I haven’t done a study or anything, but it seems to me that a lot of geeks are into tea. Why do you think that is?  

I think that while tea is more popular because of places like Starbucks, it’s still a little subversive, just like certain books and movies are. It’s true that I get more people that are interested in tea at a convention as opposed to normal craft faires, but as to a definitive reason why? I think coffee got a big mainstream boost, and now it’s tea’s turn.

Are you a big tea drinker? What’s your favorite kind of tea?

Absolutely! My favorites are chais and earl greys. As for flavors, I love fruity, chocolate, and mint.

Tea drinkers tend to have their daily rituals and routines involving their favorite hot beverage. What are yours?

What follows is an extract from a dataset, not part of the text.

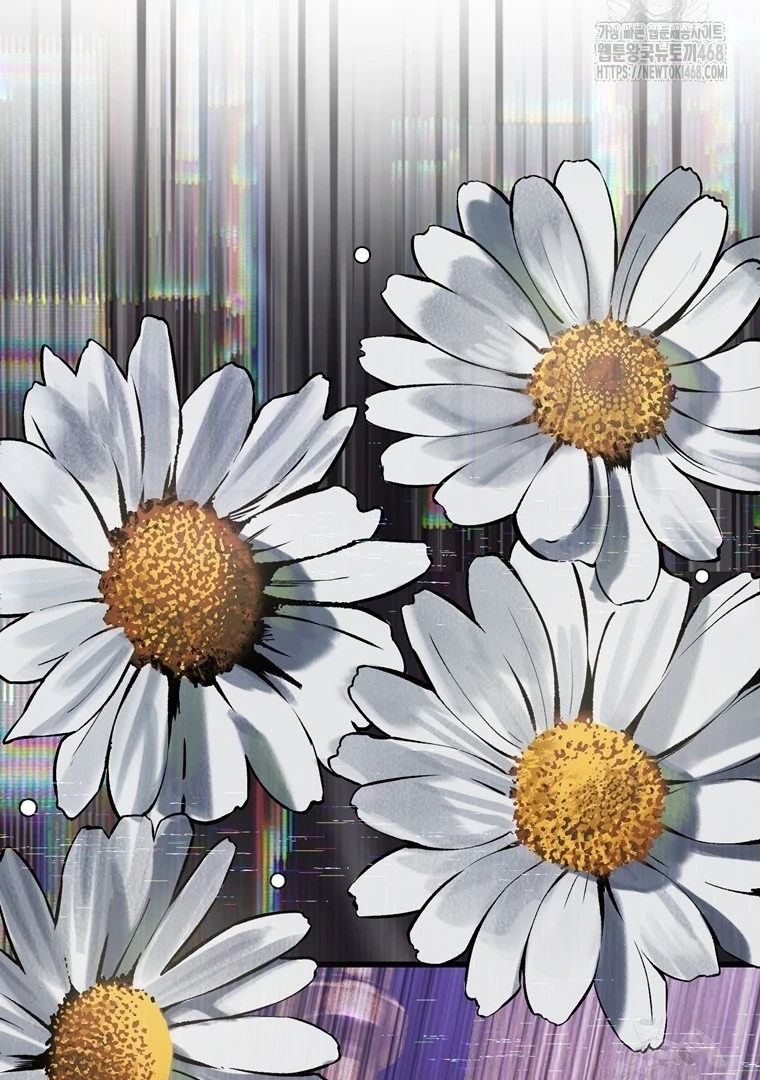 Read Latna Saga Survival of a Sword King IT Manga Online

When I do have tea, it’s usually midday or at night. I tend to not use caffeine to wake up, but more to stay up. As for rituals, if I ever need to pull an all-nighter, I turn to The Captain, a citrusy earl grey that I’m particularly fond of.

Do you have a favorite mug or tea cup that you use?

Now that I think about it, not really. I usually just use a mug that we’ve gotten from a vendor friend, or ones that we’ve gotten from the dollar store.

What are your future goals, plans, or dreams for Jasmine Dragon Tea Company?

I’m hoping to get into my local farmers markets to sell my tea, and then eventually upgrade to the point where I can sell tea, as in the drink, not just the leaves. Also, I’m hoping to travel around the country and the world, getting into bigger and farther conventions.

As for the dream? I think I’d want a brick and mortar store for my tea, kind of like a sports bar, but totally nerdy, holding events whenever a season premiere/finale airs, maybe with a little Diogenes Club in the back.